The illustration of a particular order to the blocks does not
necessarily imply that there is a required or preferred order for
the blocks and the order and arrangement of the block may be
varied. Furthermore, it may be possible for some blocks to be
omitted.
[0177] Where a structural feature has been described, it may be
replaced by means for performing one or more of the functions of
the structural feature whether that function or those functions are
explicitly or implicitly described.
[0178] As used here `module` refers to a unit or apparatus that
excludes certain parts/components that would be added by an end
manufacturer or a user.
[0179] The term `comprise` is used in this document with an
inclusive not an exclusive meaning. That is any reference to X
comprising Y indicates that X may comprise only one Y or may
comprise more than one Y. If it is intended to use `comprise` with
an exclusive meaning then it will be made clear in the context by
referring to "comprising only one.." or by using "consisting".

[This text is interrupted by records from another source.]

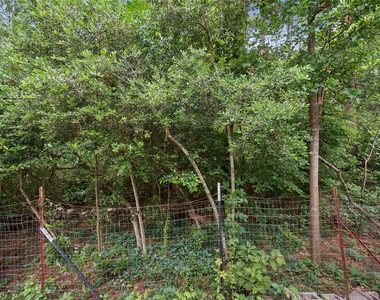 396 Westchase - Photo Thumbnail 21
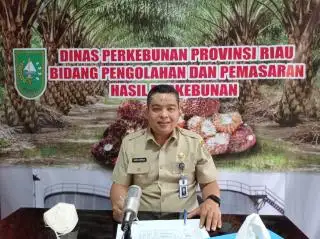 Jelang Ramadhan, Harga TBS Sawit di Riau Turun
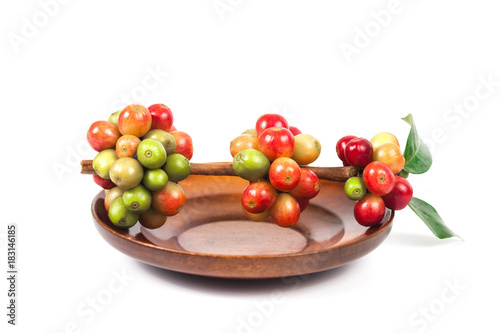 fresh coffee beans on dry coffee beans in wood dish.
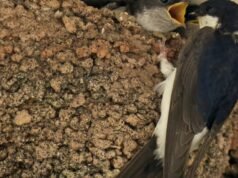 juga. Burung layang-layang kembali dari migrasinya dan mencari pied-à-terre dengan dapur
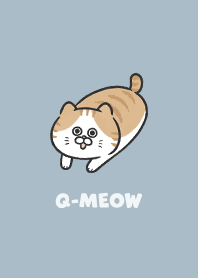 Q-meow6 / light steel blue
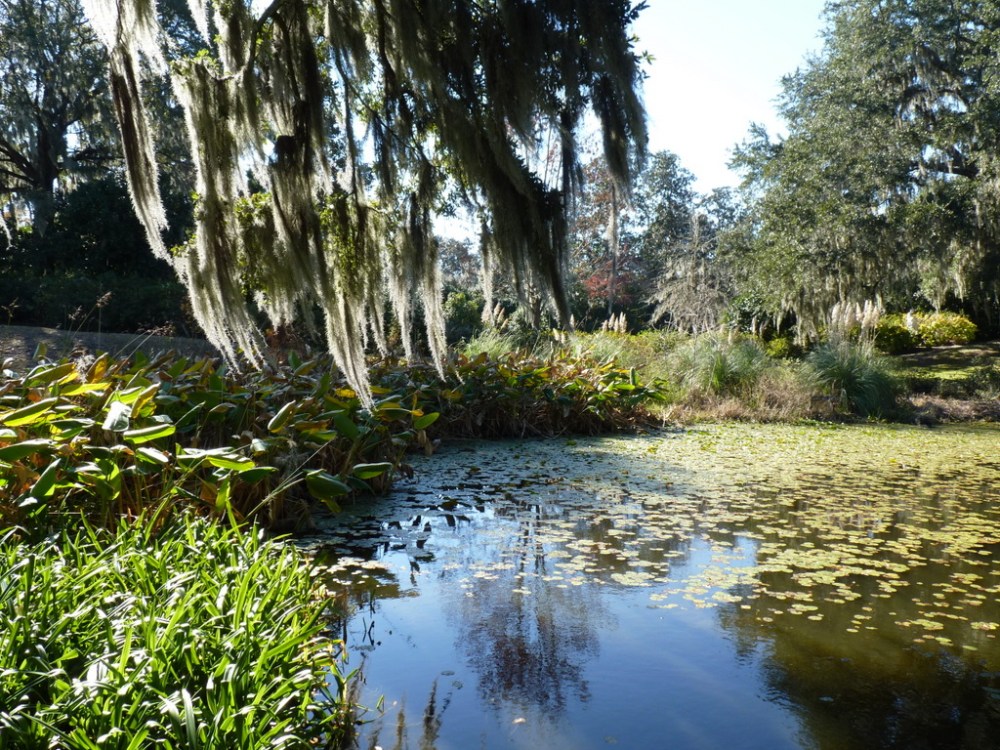 Lush garden scene with lily pads on a pond and trees draped in Spanish moss.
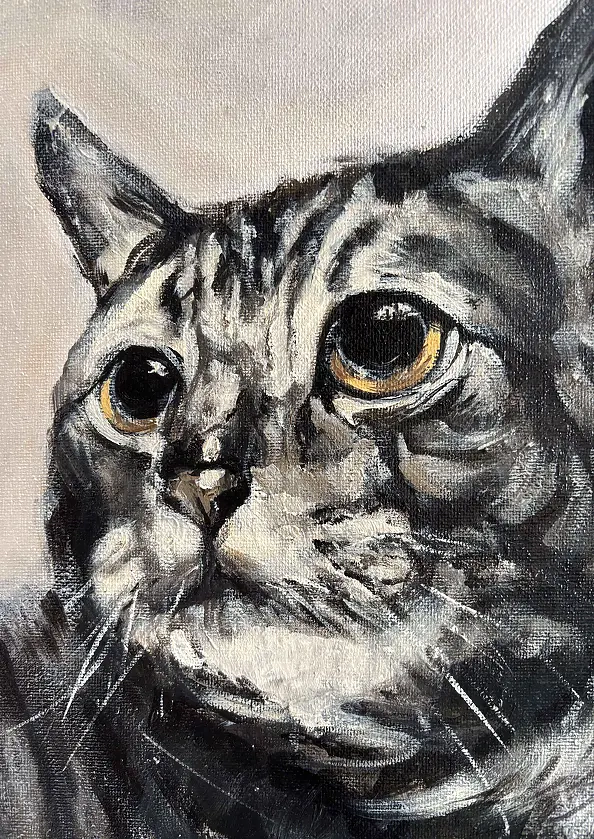 Joanna Szcześniewska - Katze 1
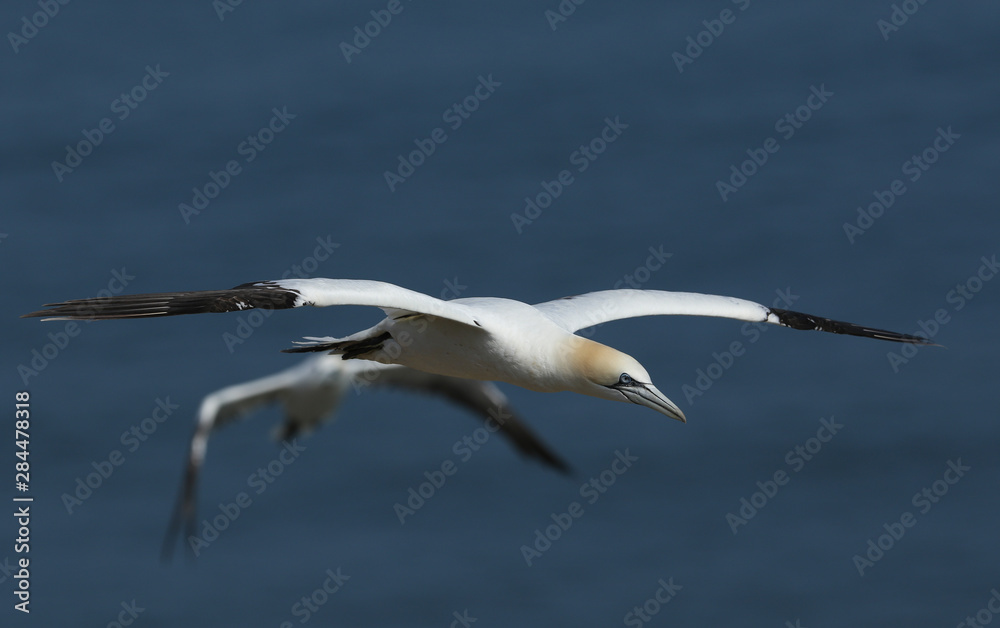 A beautiful Gannet, Morus bassanus, flying above the sea in the UK. A beautiful Gannet, Morus bassanus, flying above the sea in the UK.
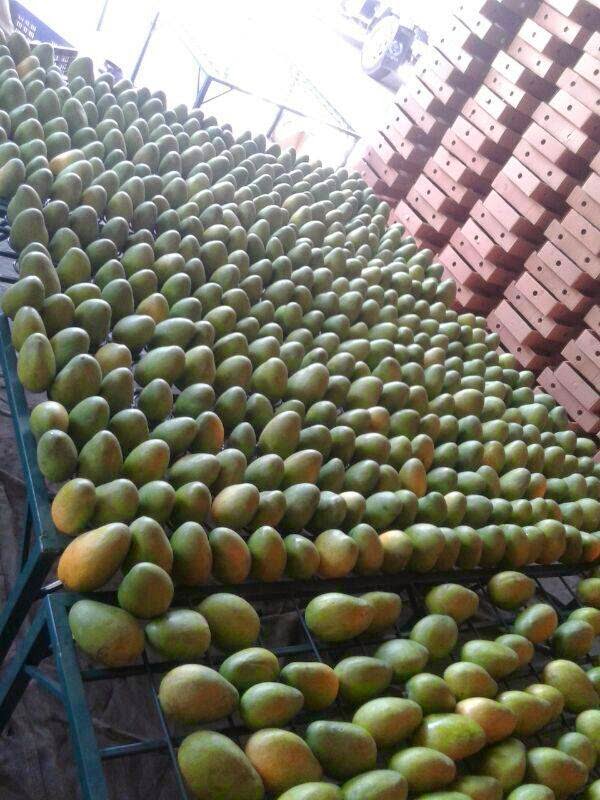 Fresh Mango Export from Pakistan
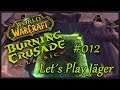 Let's Play World of Warcraft TBC Classic Folge 012 - Felshetzer und Kalirifedern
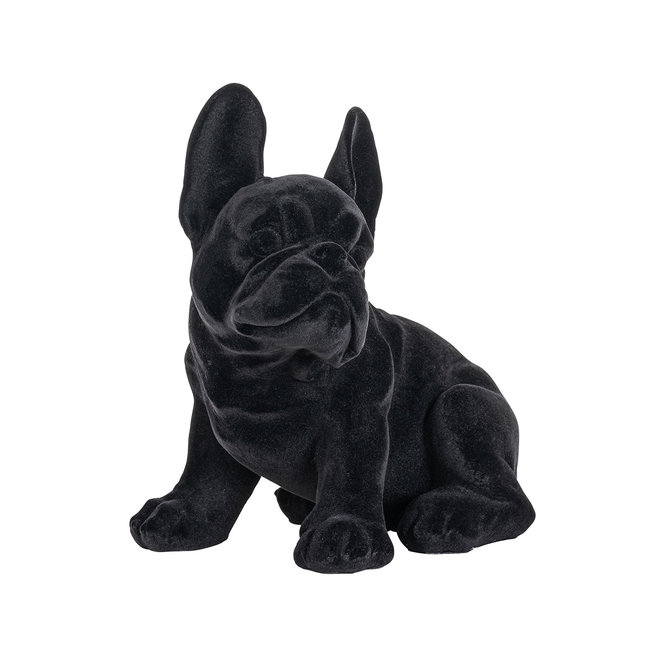 Dog Miro Black (Zwart)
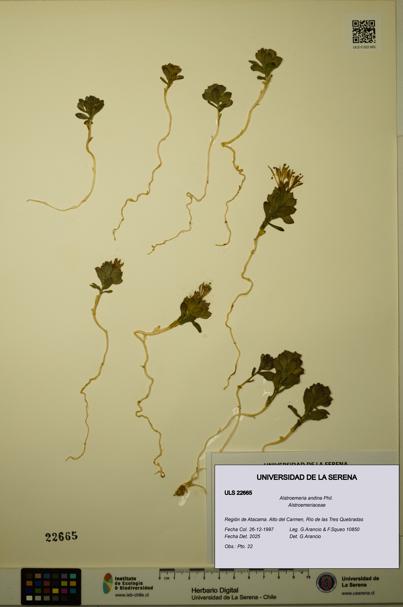 Alstroemeria andina [Espécimen: ULS:ULS:0022665]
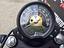 Immagine 22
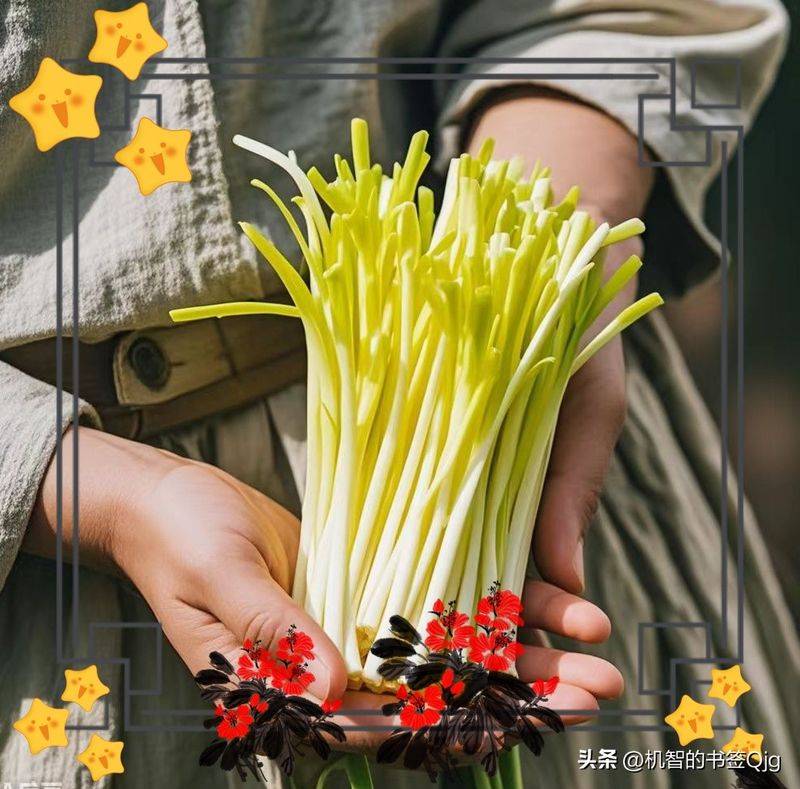 塑料大棚种植技术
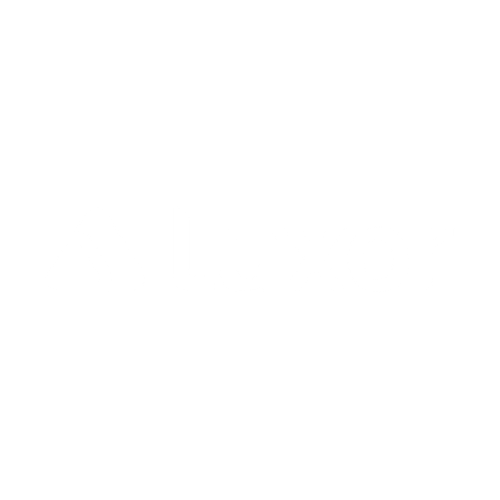 Logo 12
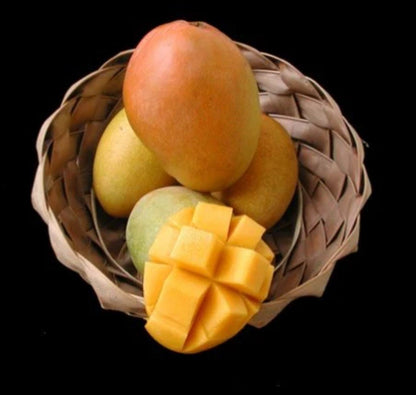 Cold-Hardy Glenn Mango Tree (2-4 Ft) | Ships to CA & PR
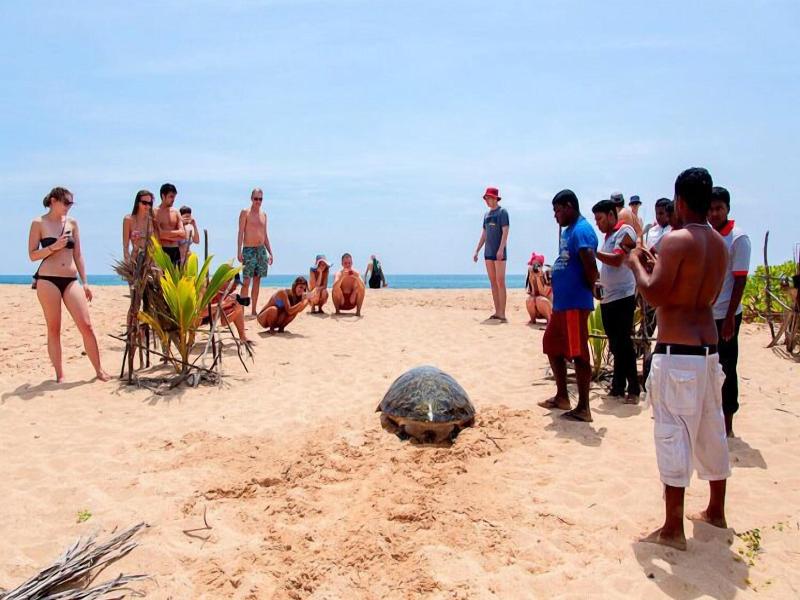 Turtle Paradise image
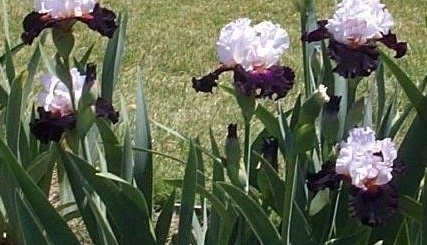 Tall Bearded Iris Starring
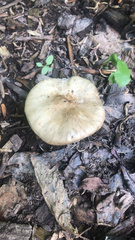 Melanoleuca brevipes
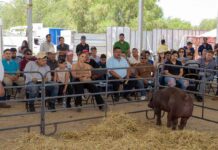 Gran Cierre de la Expo Agropecuaria en la Feria de la Gente Abasolo 2026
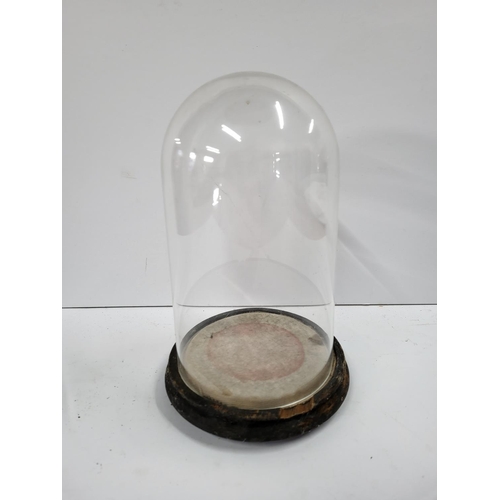 308 - Victorian glass display dome with wooden base


8.5 inch tall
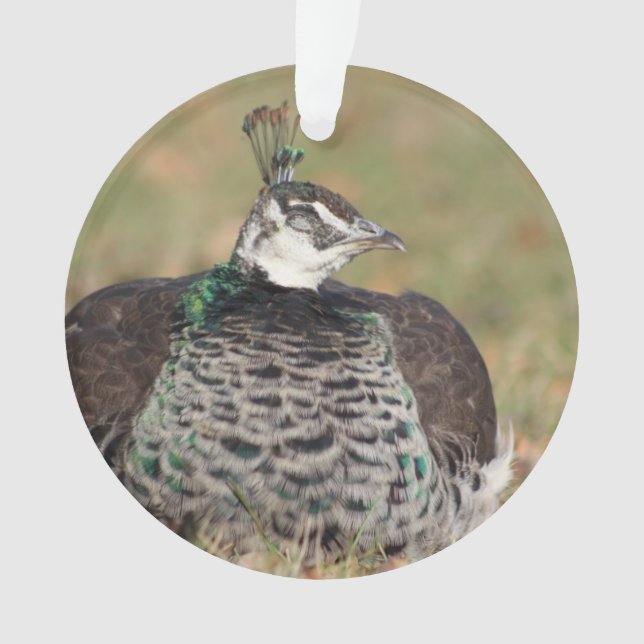 Ornamento de pavo real femenino (Anverso)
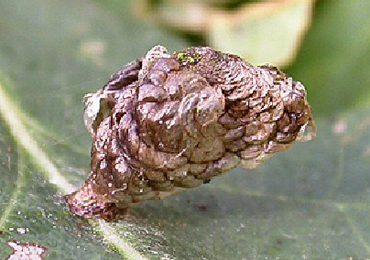 Mine of Coleophora kuehnella on Quercus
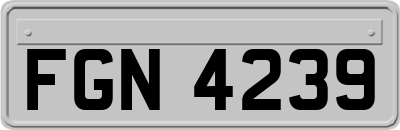 FGN4239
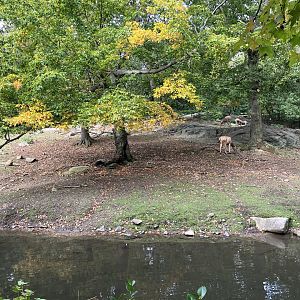 Père David’s Deer Exhibit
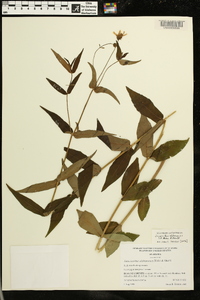 Jamesianthus alabamensis image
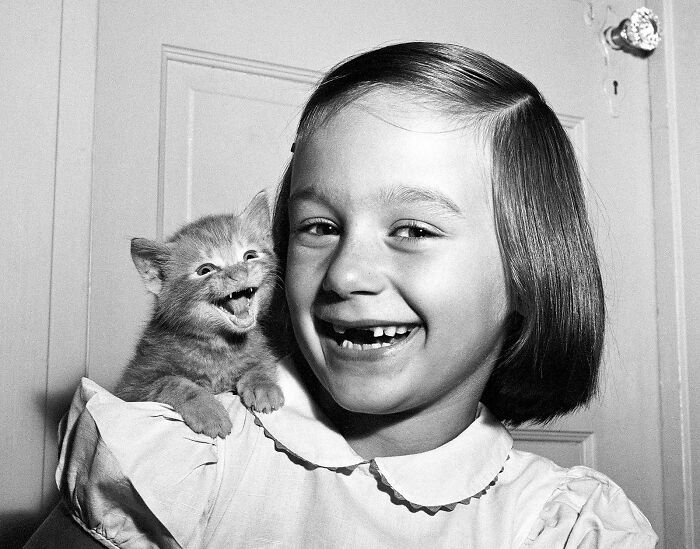 A vintage photo of a young girl smiling with a kitten, highlighting pets as family.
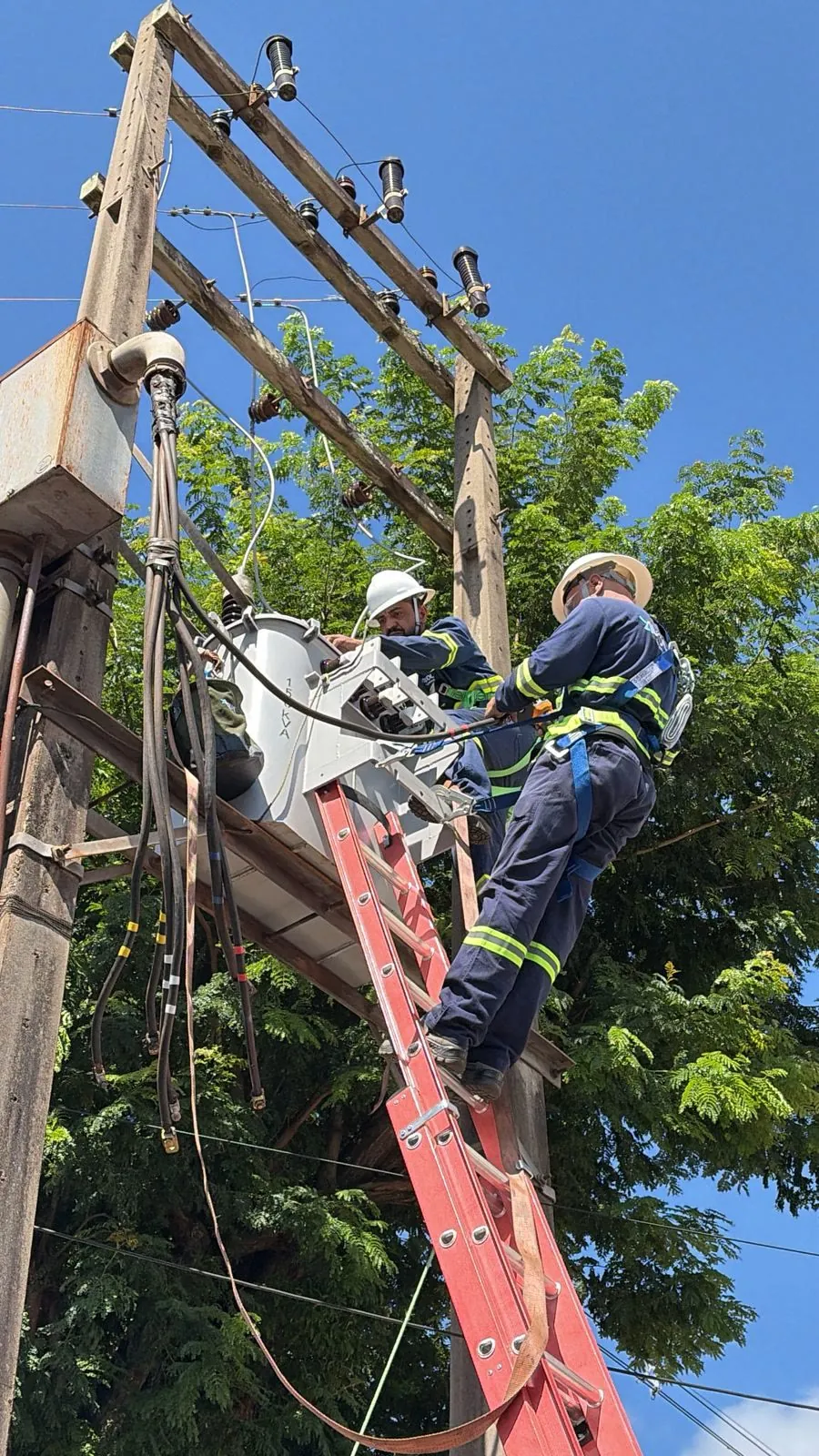 Equipe da Avolve em serviço na rede elétrica aérea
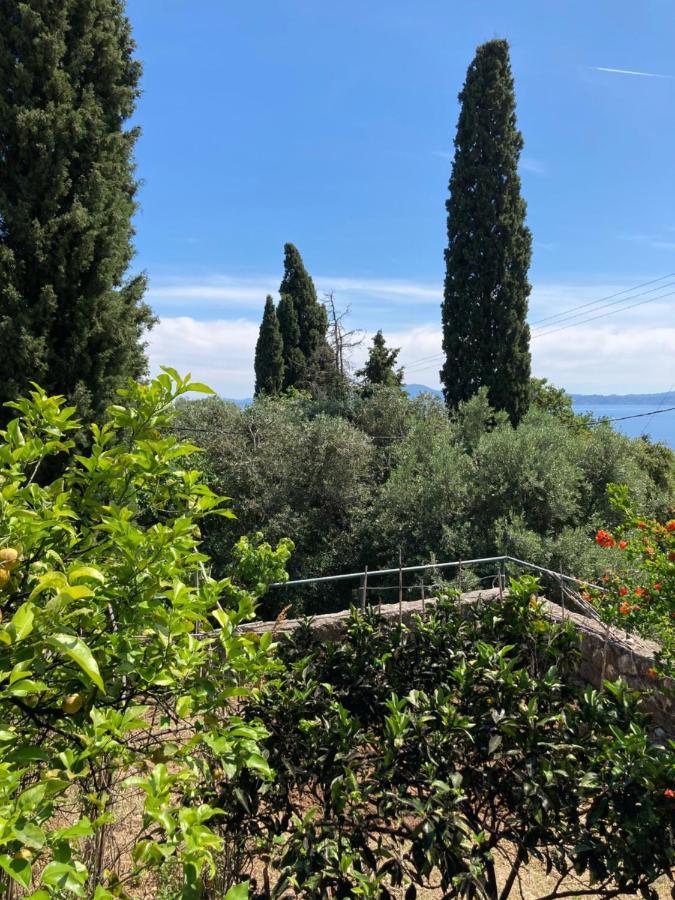 Apartment Aliki's Comfortable Holiday Apartments-great Location *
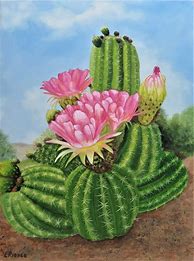 Image result for Paintings of Cactus Plants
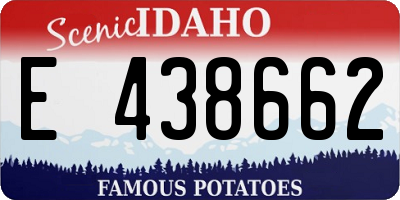 ID license plate E438662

[0180] In this brief description, reference has been made to
various examples. The description of features or functions in
relation to an example indicates that those features or functions
are present in that example. The use of the term `example` or `for
example` or `may` in the text denotes, whether explicitly stated or
not, that such features or functions are present in at least the
described example, whether described as an example or not, and that
they can be, but are not necessarily, present in some of or all
other examples. Thus `example`, `for example` or `may` refers to a
particular instance in a class of examples. A property of the
instance can be a property of only that instance or a property of
the class or a property of a sub-class of the class that includes
some but not all of the instances in the class. It is therefore
implicitly disclosed that a features described with reference to
one example but not with reference to another example, can where
possible be used in that other example but does not necessarily
have to be used in that other example.
[0181] Although embodiments of the present invention have been
described in the preceding paragraphs with reference to various
examples, it should be appreciated that modifications to the
examples given can be made without departing from the scope of the
invention as claimed.
[0182] Features described in the preceding description may be used
in combinations other than the combinations explicitly
described.
[0183] Although functions have been described with reference to
certain features, those functions may be performable by other
features whether described or not.
[0184] Although features have been described with reference to
certain embodiments, those features may also be present in other
embodiments whether described or not.
[0185] Whilst endeavoring in the foregoing specification to draw
attention to those features of the invention believed to be of
particular importance it should be understood that the Applicant
claims protection in respect of any patentable feature or
combination of features hereinbefore referred to and/or shown in
the drawings whether or not particular emphasis has been placed
thereon.
* * * * *